**Data shown:**

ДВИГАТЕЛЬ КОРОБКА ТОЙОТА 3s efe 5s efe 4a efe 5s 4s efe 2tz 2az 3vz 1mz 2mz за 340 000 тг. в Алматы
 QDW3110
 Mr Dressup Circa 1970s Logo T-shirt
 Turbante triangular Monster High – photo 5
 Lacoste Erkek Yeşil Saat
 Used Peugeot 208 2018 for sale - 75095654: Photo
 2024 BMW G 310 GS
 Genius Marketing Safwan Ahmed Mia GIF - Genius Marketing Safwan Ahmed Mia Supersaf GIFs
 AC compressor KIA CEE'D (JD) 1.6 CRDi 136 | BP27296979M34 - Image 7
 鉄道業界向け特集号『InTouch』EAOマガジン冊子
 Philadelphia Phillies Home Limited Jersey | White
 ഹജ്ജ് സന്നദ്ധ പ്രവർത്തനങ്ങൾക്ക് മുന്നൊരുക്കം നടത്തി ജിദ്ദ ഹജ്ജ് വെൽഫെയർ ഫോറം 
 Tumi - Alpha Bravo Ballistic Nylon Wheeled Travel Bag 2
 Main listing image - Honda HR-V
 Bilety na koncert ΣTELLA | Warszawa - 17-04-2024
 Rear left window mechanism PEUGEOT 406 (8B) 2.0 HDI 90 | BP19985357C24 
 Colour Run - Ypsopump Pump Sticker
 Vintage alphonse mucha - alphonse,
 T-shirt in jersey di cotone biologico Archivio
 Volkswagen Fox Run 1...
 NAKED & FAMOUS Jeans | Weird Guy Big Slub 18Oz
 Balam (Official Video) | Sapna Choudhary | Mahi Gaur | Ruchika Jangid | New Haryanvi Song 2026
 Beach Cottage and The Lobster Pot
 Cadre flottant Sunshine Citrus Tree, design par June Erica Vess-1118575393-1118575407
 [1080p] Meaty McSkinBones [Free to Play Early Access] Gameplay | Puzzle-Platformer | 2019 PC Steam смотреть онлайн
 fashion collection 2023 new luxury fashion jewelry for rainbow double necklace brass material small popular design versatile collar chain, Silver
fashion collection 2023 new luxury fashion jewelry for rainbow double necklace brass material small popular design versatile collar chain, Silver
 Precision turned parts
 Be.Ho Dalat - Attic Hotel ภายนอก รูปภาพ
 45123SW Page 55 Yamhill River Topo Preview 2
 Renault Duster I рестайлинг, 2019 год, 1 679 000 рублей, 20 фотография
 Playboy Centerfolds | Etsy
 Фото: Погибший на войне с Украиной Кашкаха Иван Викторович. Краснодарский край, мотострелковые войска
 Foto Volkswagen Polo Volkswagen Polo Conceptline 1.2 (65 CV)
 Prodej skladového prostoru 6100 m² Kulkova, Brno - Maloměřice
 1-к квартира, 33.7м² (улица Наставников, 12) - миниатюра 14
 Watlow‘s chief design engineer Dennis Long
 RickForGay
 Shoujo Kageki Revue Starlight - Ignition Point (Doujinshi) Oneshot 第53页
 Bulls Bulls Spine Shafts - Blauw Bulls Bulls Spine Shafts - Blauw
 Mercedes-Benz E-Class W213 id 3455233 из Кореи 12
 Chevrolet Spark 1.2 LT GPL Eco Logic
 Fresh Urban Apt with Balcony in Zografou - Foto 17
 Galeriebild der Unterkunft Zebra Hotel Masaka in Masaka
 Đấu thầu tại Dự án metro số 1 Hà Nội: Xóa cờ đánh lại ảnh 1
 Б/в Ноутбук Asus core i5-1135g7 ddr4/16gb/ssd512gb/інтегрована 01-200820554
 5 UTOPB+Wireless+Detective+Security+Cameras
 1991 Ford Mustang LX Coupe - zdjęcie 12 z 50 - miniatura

**The problem:**
Reproduce verbatim the lines above, from the line with "Shoujo Kageki Revue" through the line with "5 UTOPB+Wireless+Detective+Security+Cameras".

**Task response:**
 Shoujo Kageki Revue Starlight - Ignition Point (Doujinshi) Oneshot 第53页
 Bulls Bulls Spine Shafts - Blauw Bulls Bulls Spine Shafts - Blauw
 Mercedes-Benz E-Class W213 id 3455233 из Кореи 12
 Chevrolet Spark 1.2 LT GPL Eco Logic
 Fresh Urban Apt with Balcony in Zografou - Foto 17
 Galeriebild der Unterkunft Zebra Hotel Masaka in Masaka
 Đấu thầu tại Dự án metro số 1 Hà Nội: Xóa cờ đánh lại ảnh 1
 Б/в Ноутбук Asus core i5-1135g7 ddr4/16gb/ssd512gb/інтегрована 01-200820554
 5 UTOPB+Wireless+Detective+Security+Cameras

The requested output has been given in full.